--- START ---

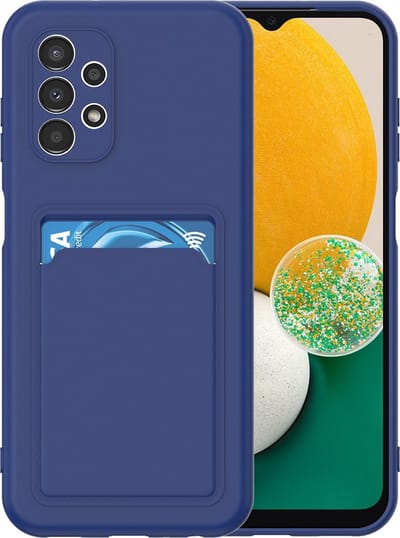 LuxeBass Hoesje geschikt voor Samsung A73 5G - Siliconen hoesje - Blauw - Pasjeshouder- telefoonhoesjes - gsm hoesje - telefoonhoes - telefoonhoes - gsm hoes - telefoonhoesje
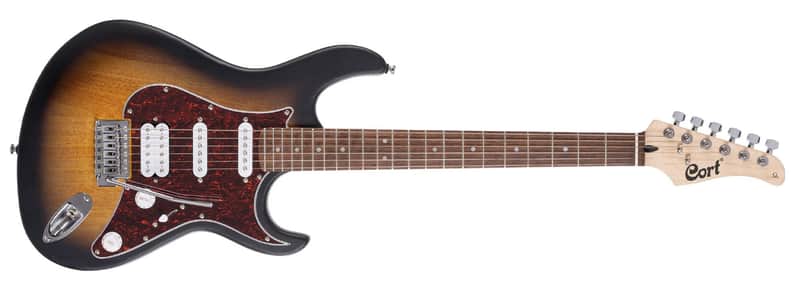 Cort G110OPSB-U 6 String Electric Guitar Pack, Right, Open Pore Sunburst image 1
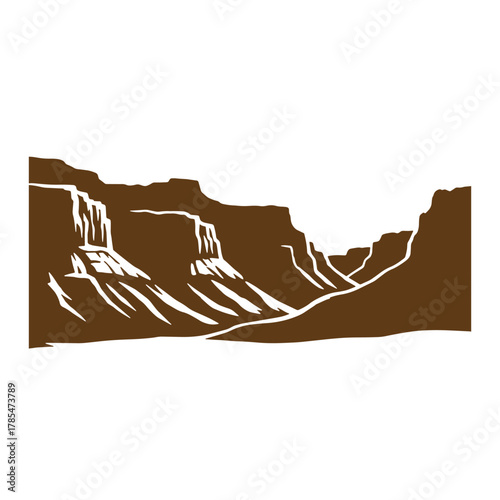 Vector illustration of a stunning brown and white vintage art grand canyon landscape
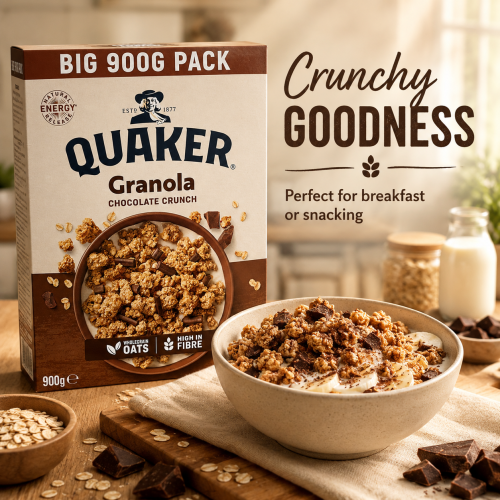 Quaker Chocolate Crunch Granola 900g 1
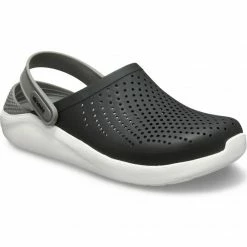 Crocs Mens LiteRide Clog Slides - Black/Gray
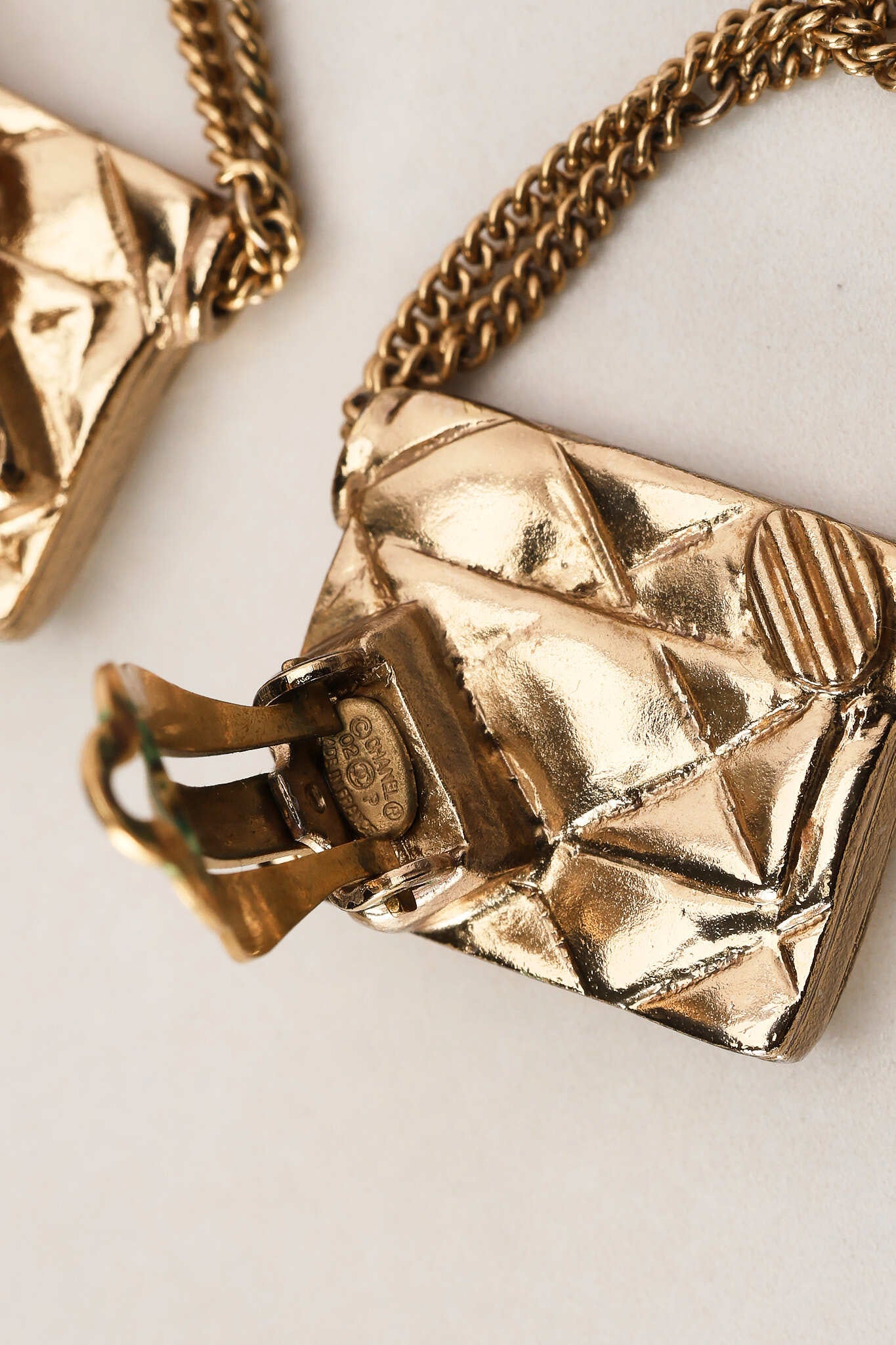 Chanel 2002 CC Flap Motif Earrings 24K GP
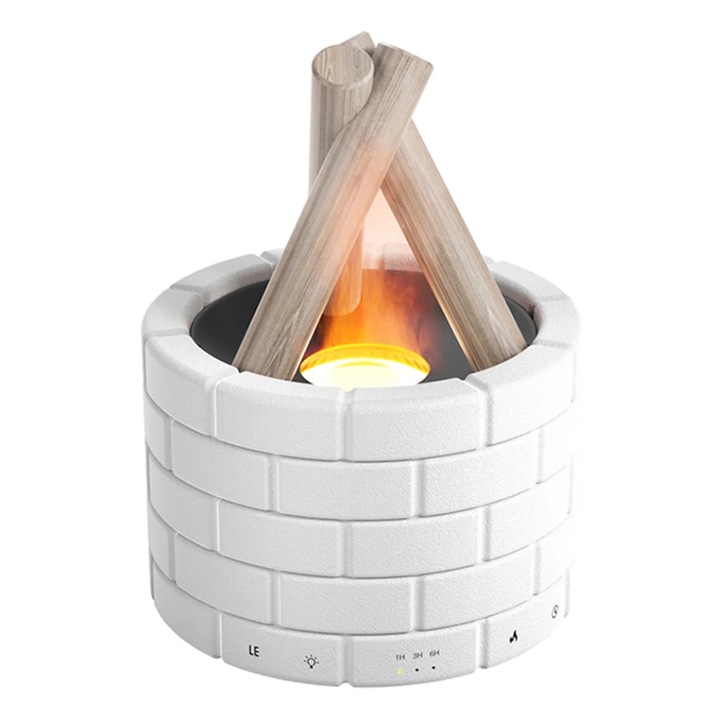 Difuzor de aroma Bonfire, 250ml, umidificator cu vapori reci, multicolor, auto-oprire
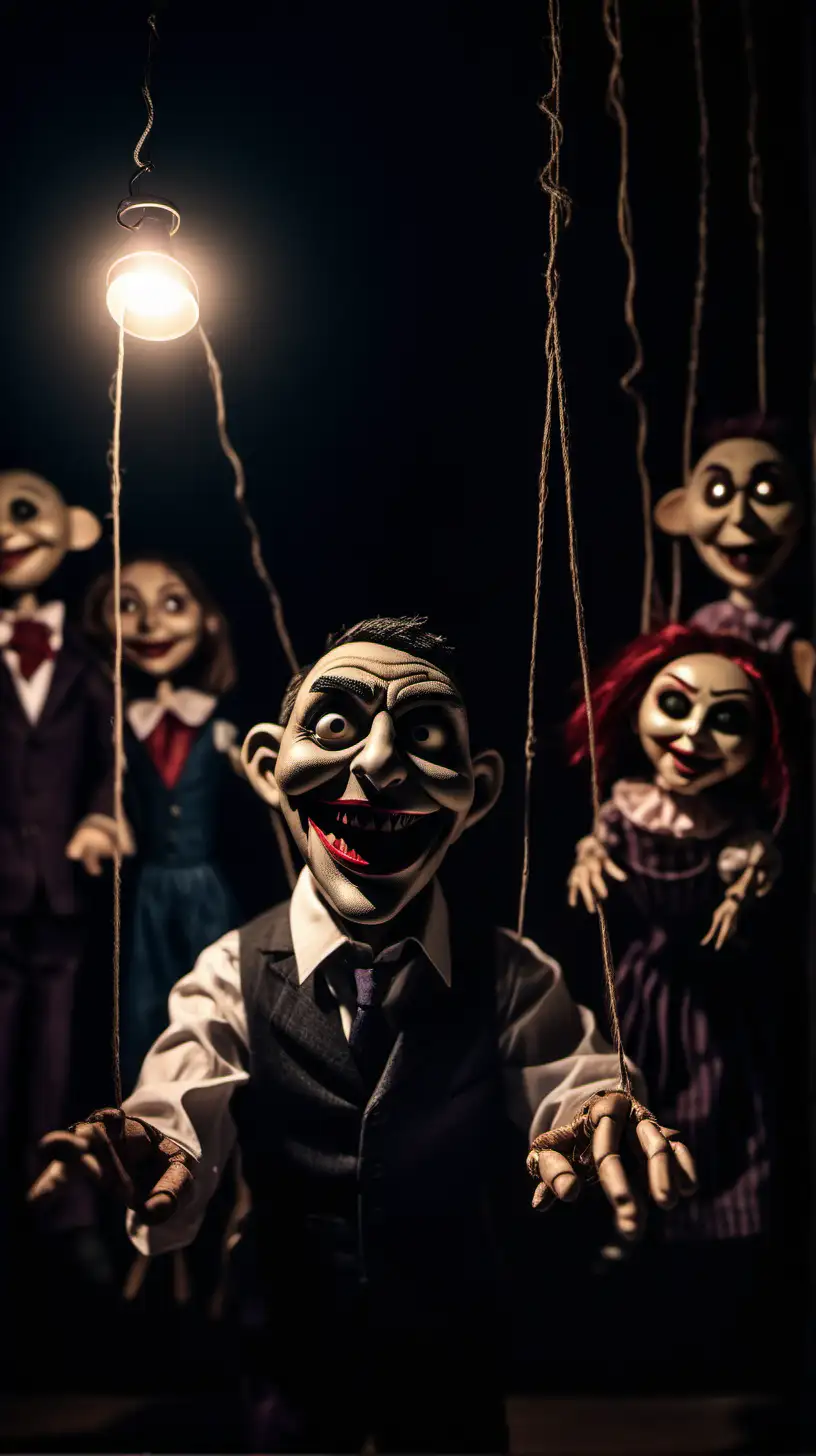 Dark Cinematic Photography depicting an evil character turning everyday individuals into puppets, sinister grin, puppeteer pulling strings, real-life puppet show in shadows with eerie lighting, Realistic Photography, 50mm lens, Medium Shot, Studio Lighting, High Resolution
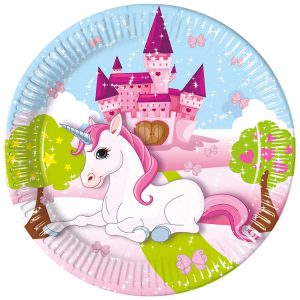 Enhörning Slott Pappersassietter 20 cm 8-pack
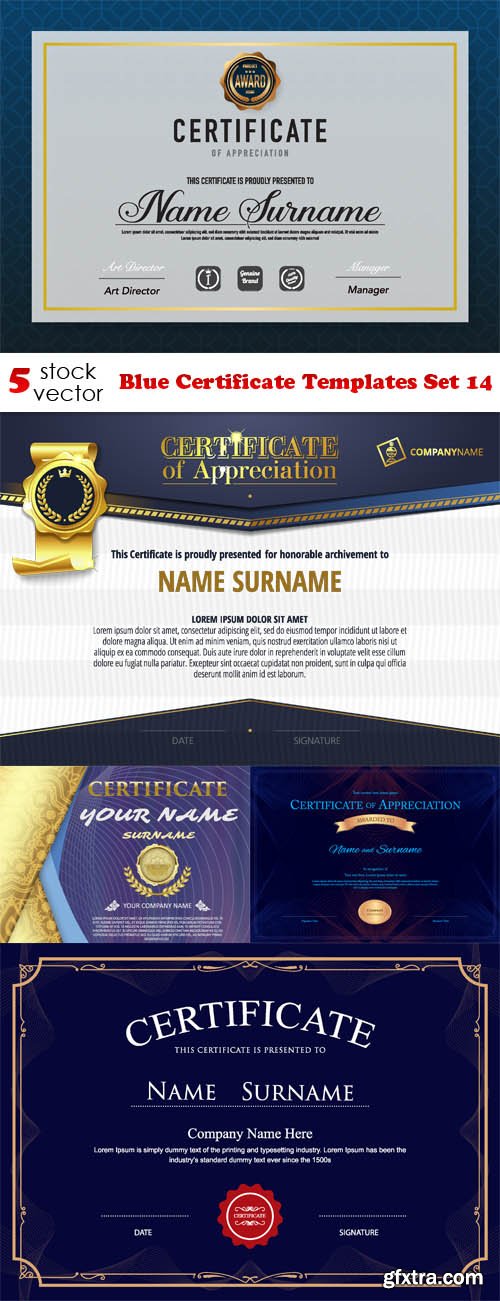 Vectors - Blue Certificate Templates Set 14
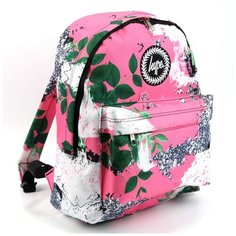 Женский текстильный рюкзак Hype ДТ 001 Листья Розовый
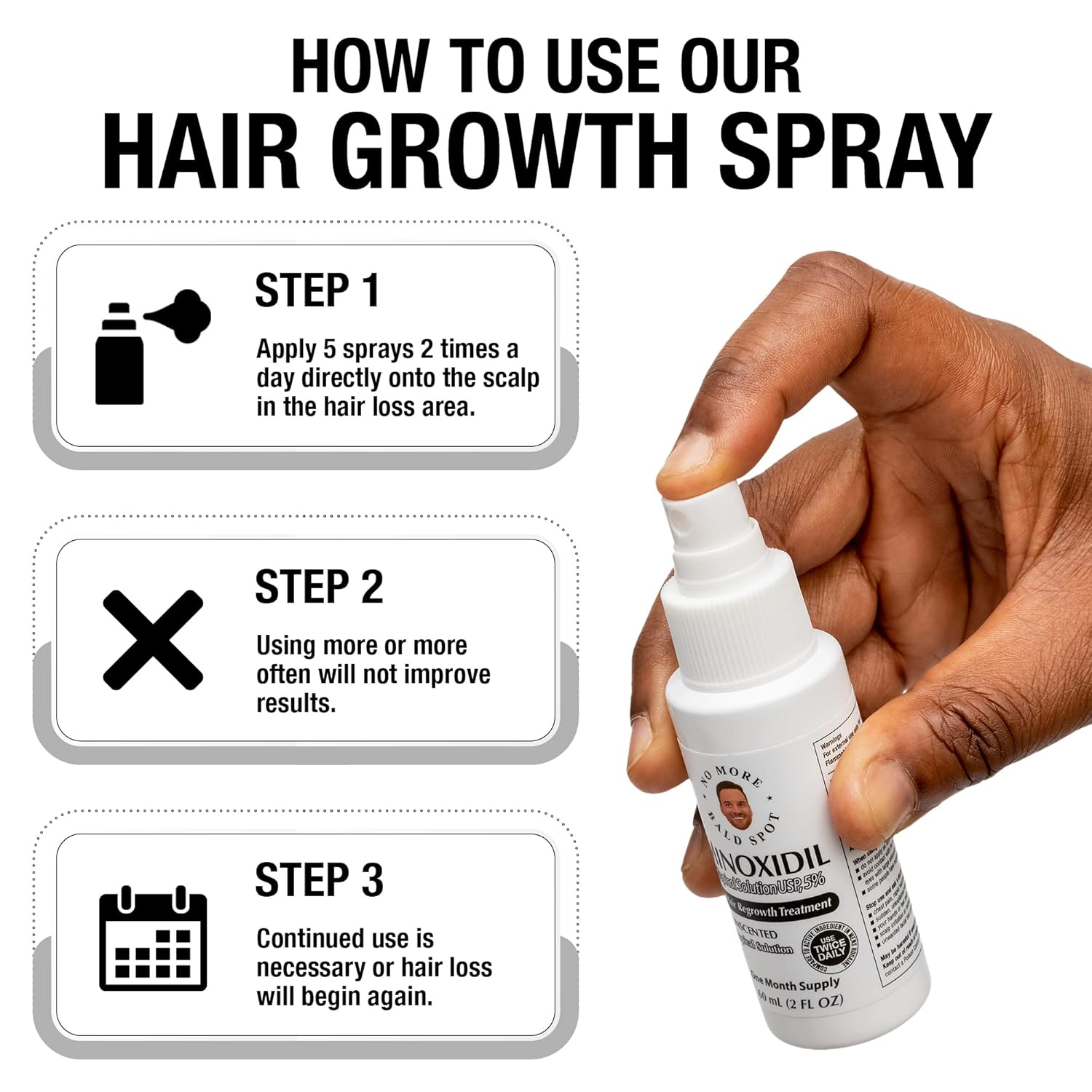 No More Bald Spot 5% de minoxidil para hombres – Tratamiento de crecimiento del cabello para mujeres – Tratamiento de pérdida de cabello – Solución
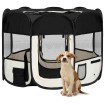 Parque de perros plegable bolsa de transporte negro 90x90x58 cm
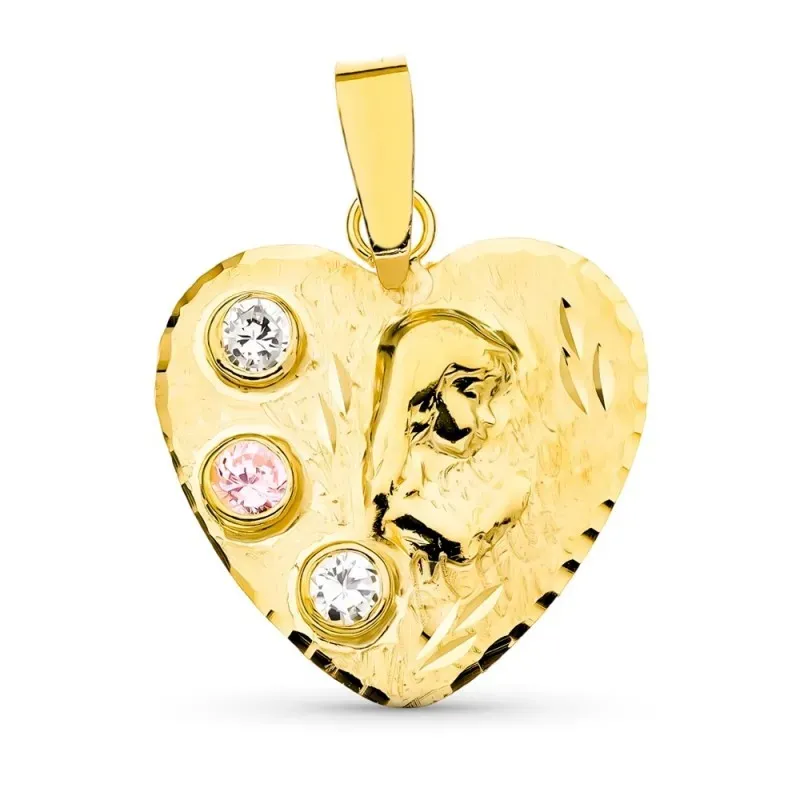 Virgen Niña colgante oro 18k niña 23 mm. Primera Comunión forma coraz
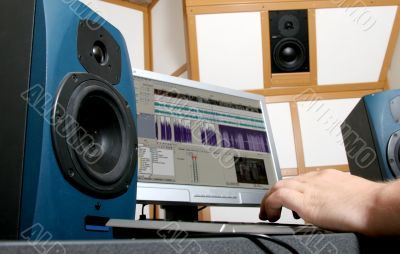 work in audio studio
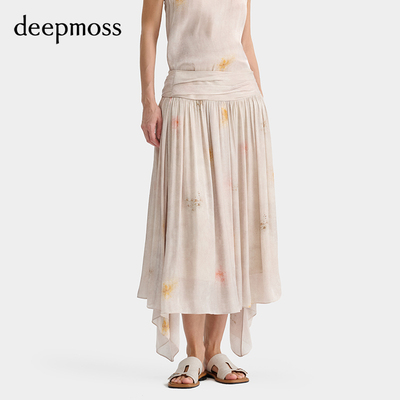 deepmoss幻影缎感水泽褶裥半裙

--- END ---

:: Exercise description ::
Return the records above verbatim, images excluded.

:: Expected answer ::
 LuxeBass Hoesje geschikt voor Samsung A73 5G - Siliconen hoesje - Blauw - Pasjeshouder- telefoonhoesjes - gsm hoesje - telefoonhoes - telefoonhoes - gsm hoes - telefoonhoesje
 Cort G110OPSB-U 6 String Electric Guitar Pack, Right, Open Pore Sunburst image 1
 Vector illustration of a stunning brown and white vintage art grand canyon landscape
 Quaker Chocolate Crunch Granola 900g 1
 Crocs Mens LiteRide Clog Slides - Black/Gray
 Chanel 2002 CC Flap Motif Earrings 24K GP
 Difuzor de aroma Bonfire, 250ml, umidificator cu vapori reci, multicolor, auto-oprire
 Dark Cinematic Photography depicting an evil character turning everyday individuals into puppets, sinister grin, puppeteer pulling strings, real-life puppet show in shadows with eerie lighting, Realistic Photography, 50mm lens, Medium Shot, Studio Lighting, High Resolution
 Enhörning Slott Pappersassietter 20 cm 8-pack
 Vectors - Blue Certificate Templates Set 14
 Женский текстильный рюкзак Hype ДТ 001 Листья Розовый
 No More Bald Spot 5% de minoxidil para hombres – Tratamiento de crecimiento del cabello para mujeres – Tratamiento de pérdida de cabello – Solución
 Parque de perros plegable bolsa de transporte negro 90x90x58 cm
 Virgen Niña colgante oro 18k niña 23 mm. Primera Comunión forma coraz
 work in audio studio
 deepmoss幻影缎感水泽褶裥半裙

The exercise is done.